I chose to implement them seperately, so I just inherited from the "dumb" accessors (full source):

So in this class

class Assignment(MoodleAssignment):
    def __init__(self, data, course=None):
        super().__init__(data)
        self.course = course
        self._submissions = {}  # accessed via submission.id
        self._grades = {}  # are accessed via user_id

these properties do the merging

    @property
    def submissions(self): return self._submissions

    @submissions.setter
    def submissions(self, data):
        if data is None:
            self.submissions = {}
            return
        for submission in data:
            sub = Submission(submission, assignment=self)
            if sub.has_content:
                self.submissions[sub.id] = sub

    @property
    def grades(self):
        return self._grades

    @grades.setter
    def grades(self, data):
        if data is None:
            self.grades = {}
            return
        grades = [Grade(g) for g in data]
        for g in grades:
            self.grades[g.user_id] = g

and these implement some logic that can be abstracted from the data.

    @property
    def is_due(self):
        now = datetime.now()
        return now > self.due_date

    @property
    def due_date(self): return datetime.fromtimestamp(super().due_date)
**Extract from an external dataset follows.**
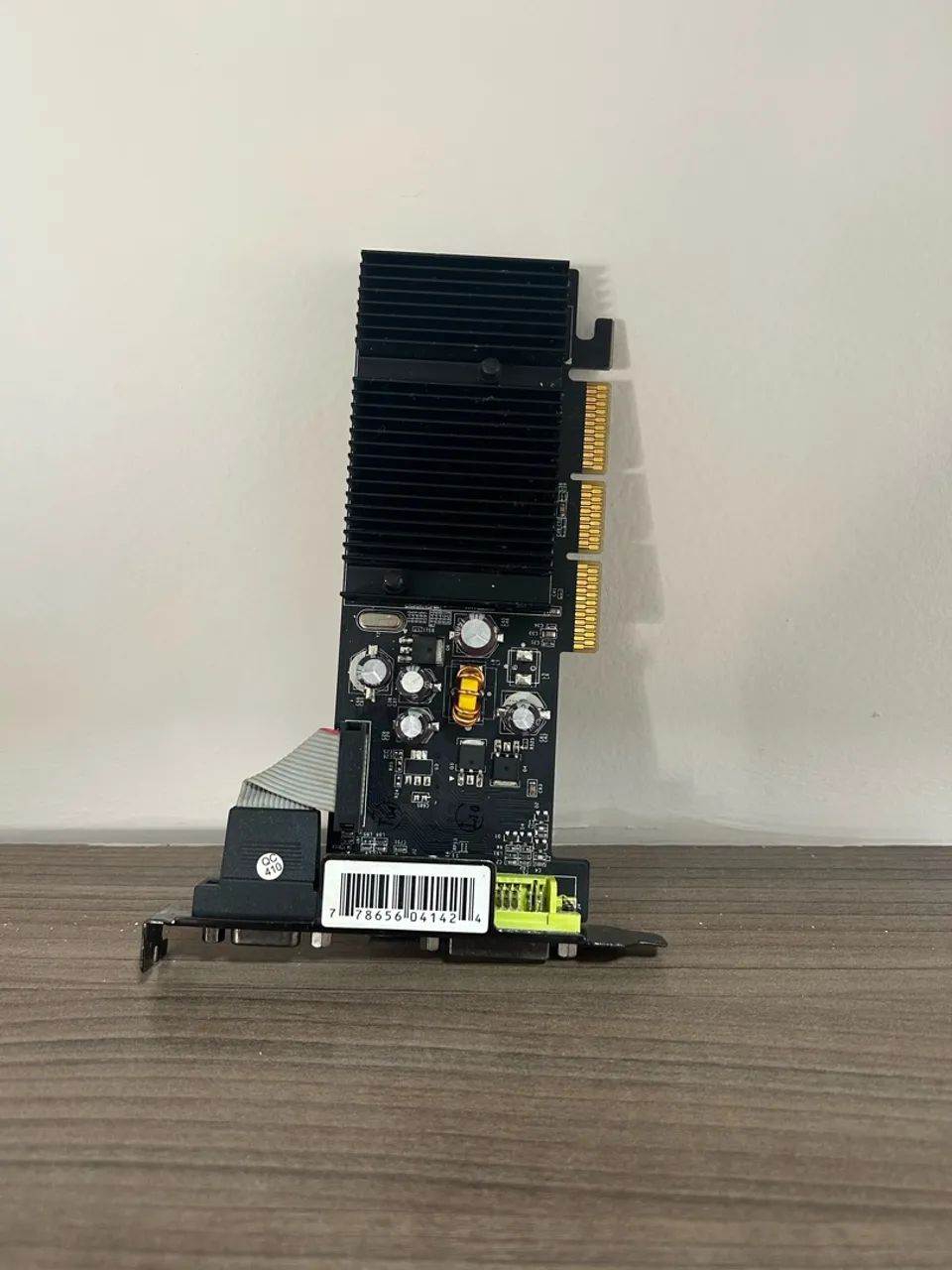 Placa de Vídeo Nvidia GeForce 6200 - Foto 4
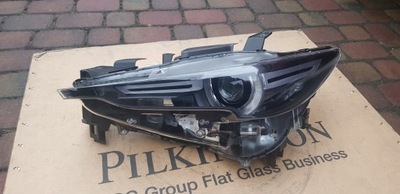 Лівий full led mazda cx5 cx 5 ii kb8n51040 фото №1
While the setters obscure the wrangling, they are nice to write and use: so it's just a trade-off.

Caveat: The logic implementation is not quite what I want it to be, there's much interdependance where it should not be. It's grown from me not knowing enough of python to get the abstractions right and getting things done, so I can do the actual work with the tedium out of my way. Now that I know, what could have been done: I look at some of that spaghetti, and well … you know the feeling.

Conclusion

Encapsulating the JSON into classes proved quite useful to me and the project's structue and I'm quite happy with it. The rest of the project is fine and works, although some parts are just awful :D Thank you all for the feedback, I'll be around for questions and remarks.

update: 2019-05-02

As @RickTeachey points out in the comments, pythons dataclasses (DCs) can be used here, as well. And I forgot to put an update here, since I already did that some time ago and extended it with pythons typing functionality :D

Reason for that: I was growing tired to manually check if the documentation of the API I was abstracting from was correct or if I got my implementation wrong. With dataclasses.fields I'm able to check if the response does conform to my schema; and now I'm able to find changes in the external API much faster, since the assumptions are checked during run-time on instantiation.

DCs provide a __post_init__(self) hook to do some post-processing once the __init__ completed successfully. Pythons' type hints are only in place to provide hints for static checkers, I built a little system that does enforce the types on dataclasses in the post init phase.

Here is the BaseDC, from which all other DCs inherit (abbreviated)

import dataclasses as dc
@dataclass
class BaseDC:
    def _typecheck(self):
        for field in dc.fields(self):
            expected = field.type
            f = getattr(self, field.name)
            actual = type(f)
            if expected is list or expected is dict:
                log.warning(f'untyped list or dict in {self.__class__.__qualname__}: {field.name}')
            if expected is actual:
                continue
            if is_generic(expected):
                return self._typecheck_generic(expected, actual)
                # Subscripted generics cannot be used with class and instance checks
            if issubclass(actual, expected):
                continue
            print(f'mismatch {field.name}: should be: {expected}, but is {actual}')
            print(f'offending value: {f}')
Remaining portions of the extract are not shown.